V500は、障害のある消費者のニーズ調査を実施し、商品開発を後押しするほか、企業の障害者インクルージョン度合いを測る指標づくりや、アクセシビリティに配慮した求人ポータルサイトの設置を行います。また、国際機関等や加盟企業同士をつなぐネットワーク会議等を主宰し、知見の共有を目指しています。
プロジェクト詳細
グローバル・インパクト・パートナーとして強力に後押し
V500には、GoogleやCoca-Colaなどが入っており、日本でも53社が参画しています。その中で、日本財団はV500のグローバル・インパクト・パートナーとして2021年から2023年までの3年間で500万ドル(約5.5億円=2021年5月時点)の支援を予定し、同組織の活動を強力に後押ししています。
例えば、広報・啓蒙活動として、V500創設者のキャロライン・ケイシーさんを日本に招き、講演を実施、V500との共催で国際フォーラムを開催、アクセンチュアやミライロなどを登壇者として招き、障害とビジネスに関するセミナー等を行っています。また、日本財団のWEBメディアにて、日本企業の障害者インクルージョンの取り組みを紹介するなどしています。
ビジネスにおける障害者インクルージョンのノウハウ共有
世界の障害者人口は約10億人、障害者とその友人や家族を合わせた購買力の総額は13兆ドルと大きな市場ですが、障害者に配慮した商品等を提供している企業は3.6%と非常に少なく、今後の成長が期待されています。日本においては障害者の法定雇用率が設定され、障害者雇用やその情報開示が進んでいますが、障害者が潜在能力を発揮して働く環境が十分整備されているとは言えず、また企業間で知見を共有する場もありません。
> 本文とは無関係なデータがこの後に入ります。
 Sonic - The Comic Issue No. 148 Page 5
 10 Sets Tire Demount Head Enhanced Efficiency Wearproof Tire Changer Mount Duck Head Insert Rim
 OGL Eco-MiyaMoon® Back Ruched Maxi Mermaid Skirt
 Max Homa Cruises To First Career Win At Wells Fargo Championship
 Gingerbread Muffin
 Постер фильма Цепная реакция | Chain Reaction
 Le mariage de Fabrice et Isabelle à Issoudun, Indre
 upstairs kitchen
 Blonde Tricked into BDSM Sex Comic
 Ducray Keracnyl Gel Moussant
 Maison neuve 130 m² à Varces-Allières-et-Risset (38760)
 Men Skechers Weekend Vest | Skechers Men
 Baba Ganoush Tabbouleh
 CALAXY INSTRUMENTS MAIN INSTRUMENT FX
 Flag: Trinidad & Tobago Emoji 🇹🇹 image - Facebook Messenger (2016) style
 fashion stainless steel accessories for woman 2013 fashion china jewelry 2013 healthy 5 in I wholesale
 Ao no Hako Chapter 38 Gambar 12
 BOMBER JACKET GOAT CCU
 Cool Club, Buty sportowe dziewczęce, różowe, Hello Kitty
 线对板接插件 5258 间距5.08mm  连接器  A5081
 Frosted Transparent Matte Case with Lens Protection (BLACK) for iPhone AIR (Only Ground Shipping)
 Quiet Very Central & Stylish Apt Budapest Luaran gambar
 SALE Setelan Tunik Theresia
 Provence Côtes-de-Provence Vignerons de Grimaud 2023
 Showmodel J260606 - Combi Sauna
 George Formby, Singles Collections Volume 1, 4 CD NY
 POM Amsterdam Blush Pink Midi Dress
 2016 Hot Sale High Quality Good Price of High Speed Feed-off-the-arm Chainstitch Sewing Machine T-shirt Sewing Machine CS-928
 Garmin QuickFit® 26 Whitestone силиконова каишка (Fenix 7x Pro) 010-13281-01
障害者を雇用し、彼らに組織の一員として能力を発揮してもらうことは、障害のある社員と雇用する企業双方にとってメリットがあると考えています。また、障害者の視点をビジネスに取り入れることで、職場環境や製造する製品、サービスのイノベーションに繋がり、さらには市場の拡大にも繋がります。こうした障害者インクルージョンの取り組みは、企業としての価値を高めることに繋がっていきます。
ビジネスに障害の視点を取り込むことを当たり前に
日本財団では、半世紀も前から障害者支援を行ってきました。しかし、当人へ支援しても、周りの多数派が変わらないと、社会は変わっていきません。日本財団会長の笹川陽平は「世界中の大企業を巻き込むV500の挑戦は、これまでの障害者支援にビジネスという異なる角度から新たな風を吹き込むことによって、誰もが参加できるインクルーシブな社会の実現に近づくことを期待しています」と話しています。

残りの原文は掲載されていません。